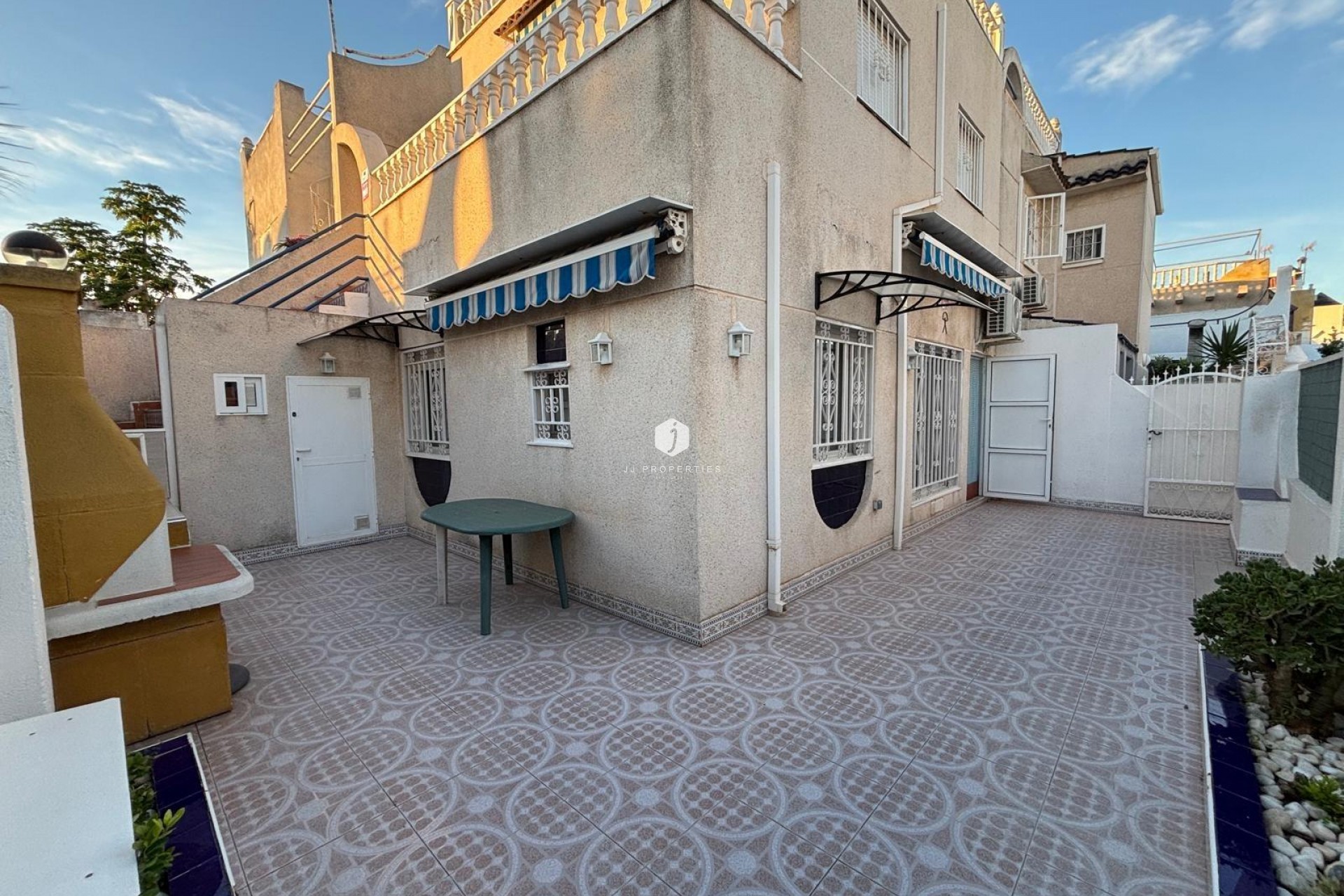 D'occasion - Chalet -
Torrevieja - Carrefour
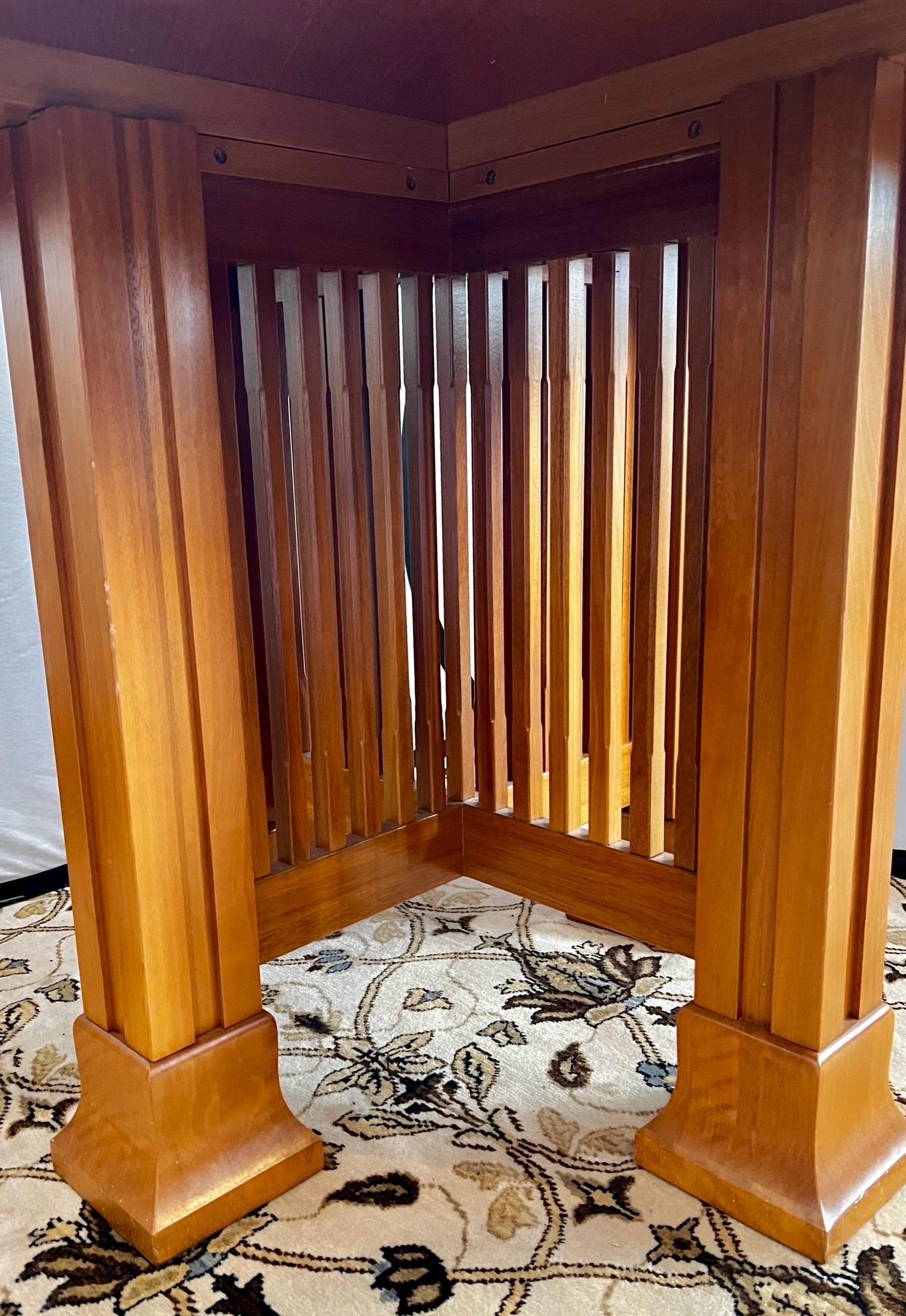 Raro tavolo rotondo da pranzo o da ingresso di Frank Lloyd Wright per Cassina, risalente al 1980 circa.
Realizzato in legno di ciliegio e composto da due parti, un piano liscio che si incastra con la base sottostante.  La base è un capolavoro con un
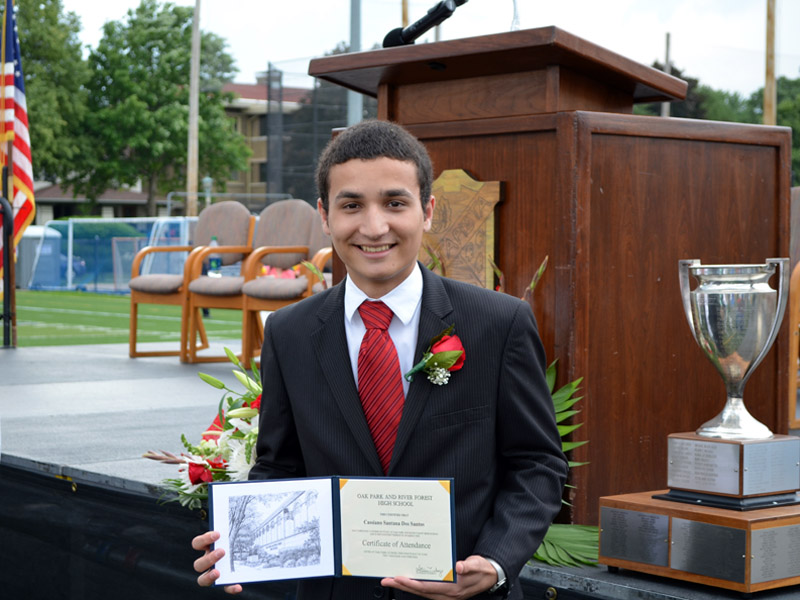 Foto 1 Cassiano na cerimônia de graduação da High School 1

- - - -

**TASK REQUIREMENTS**
With the pictures left aside, set down each entry above exactly as it stands.

**SOLUTION**
 D'occasion - Chalet -
Torrevieja - Carrefour
 Raro tavolo rotondo da pranzo o da ingresso di Frank Lloyd Wright per Cassina, risalente al 1980 circa.
Realizzato in legno di ciliegio e composto da due parti, un piano liscio che si incastra con la base sottostante.  La base è un capolavoro con un
 Foto 1 Cassiano na cerimônia de graduação da High School 1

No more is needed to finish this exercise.